Il signor McNeil, che quando parlava lo faceva con il tono di chi fa una puntata a poker, ma che comunque non parlava spesso, in parte perché a sua moglie non piaceva essere interrotta e in parte perché era sempre stanco, spense il sigaro nella tazzina del caffè facendo sussultare Apple e la signora McNeil, e disse: «Che diavolo, io a diciott'anni sono stato in California da solo per tre anni».
«Ma dopotutto, Lamont... tu sei un uomo.»
«E che differenza fa?» grugnì lui. «C'è stato un momento in cui uomini e donne non erano tanti diversi. Lo dici anche tu.»
La signora McNeil si schiarì la gola, come se la con versazione avesse preso una piega sgradevole. «Fatto sta, Lamont, che mi sento molto inquieta a lasciare...»

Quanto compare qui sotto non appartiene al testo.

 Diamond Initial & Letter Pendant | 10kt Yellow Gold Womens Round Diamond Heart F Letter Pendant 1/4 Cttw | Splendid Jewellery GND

Grady si sentiva crescere dentro un riso incontrollabile, una gioiosa agitazione che trasformava la bianca estate stesa davanti a lei in qualcosa di simile a una lunga tela srotolata sulla quale avrebbe potuto tracciare i suoi primi tratti di penna, bruschi e puri, in piena libertà. E poi, pur rimanendo impassibile, le veniva da ridere al vedere che gli altri sospettavano così poco, niente addirittura. La luce che palpitava sull'argenteria da tavola sembrava stimolare la sua eccitazione e lanciarle al contempo un segnale d'allarme: sta' attenta, piccola. Ma le diceva anche qualcos'altro: sii orgogliosa, Grady, sei abbastanza alta da sventolare il tuo stendardo lassù nel vento. Cosa ne avrebbe detto la rosa? Da qualche parte aveva letto che le rose parlano, che sono il cuore della saggezza. Guardò ancora fuori dalla finestra: il riso si gonfiava dentro di lei, stava per tracimarle dalle labbra. Che giornata effervescente e schiaffeggiata dal sole si annunciava per Grady McNeil e le rose parlanti!

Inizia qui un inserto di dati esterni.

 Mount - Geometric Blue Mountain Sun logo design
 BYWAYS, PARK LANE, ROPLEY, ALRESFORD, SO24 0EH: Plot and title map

«Che cosa ci trovi di tanto divertente, Grady?» La voce di Apple non era gradevole: ricordava il balbettìo di un bebé capriccioso. «Mamma ti fa una semplice domanda e tu ridi come se la giudicassi un'idiota.»

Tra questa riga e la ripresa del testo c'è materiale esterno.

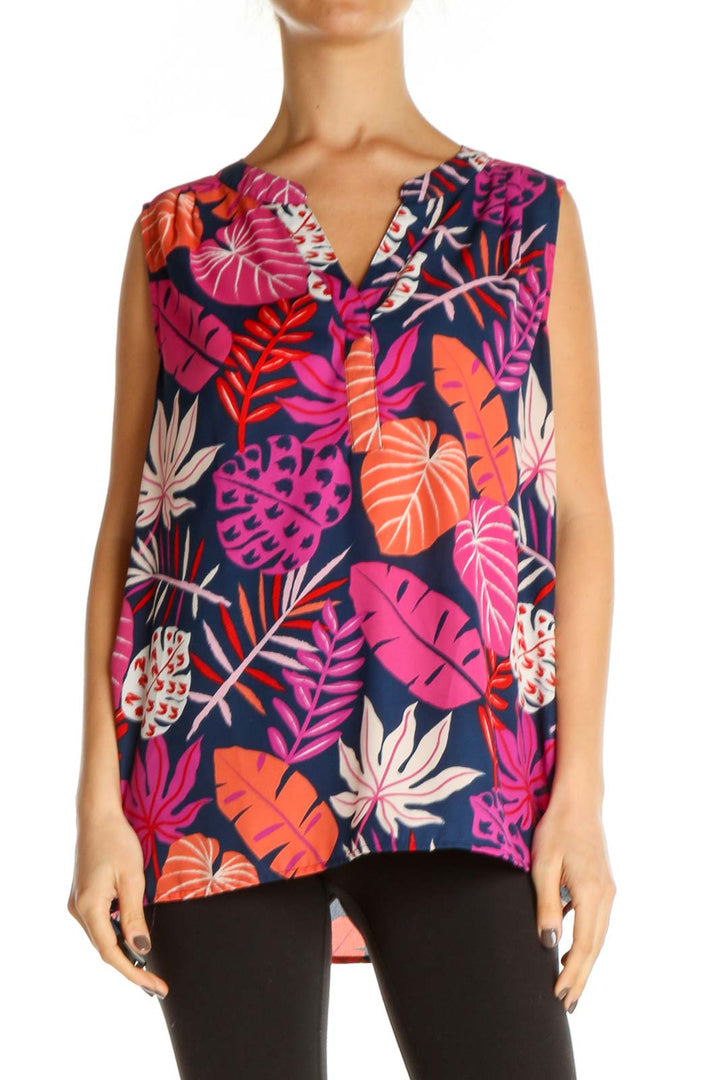 Pink Tropical Print Holiday Blouse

«Grady non pensa che io sia un'idiota, certo che no», disse la signora McNeil; ma la debole convinzione del tono di voce tradiva il dubbio, e i suoi occhi, velati dalla ragnatela di tulle che si era abbassata sul viso, apparvero vagamente confusi dalla fitta di dolore che provava sempre davanti a quello che riteneva essere il disprezzo di Grady. Era una fortuna che fra loro non ci fossero che fuggevolissimi contatti: non erano legate da una vera affinità, questo lo sapeva; ma il pensiero
che con quel freddo distacco Grady potesse suggerire di ritenersi superiore a lei le era insopportabile: e in quei momenti le si contraevano le mani. Molti anni prima, quando Grady era ancora un maschiaccio con i capelli corti e le ginocchia sbucciate, non era riuscita a controllarle, le mani; quella volta, che ovviamente era capitata proprio in uno di quei periodi che mettono a dura prova i nervi di una donna, sentendosi provocata dall'irrispettosa freddezza di Grady l'aveva crudelmente schiaffeggiata. Dopo di che, quando provava un impulso del genere, aveva imparato a controllare le mani aggrappandosi a una superficie solida, perché quella volta, la prima in cui avesse perso il controllo di sé, Grady, con quegli occhi verdi sempre pronti a giudicare, che ricordavano due pezzetti di mare, l'aveva squadrata dall'alto in basso, le aveva guardato dentro puntando un riflettore sullo specchio corroso della sua vanità: essendo una donna limitata, era la prima volta che si trovava davanti una volontà più forte della sua. «Certo che no», ripetè, ammiccando con artificiale buonumore.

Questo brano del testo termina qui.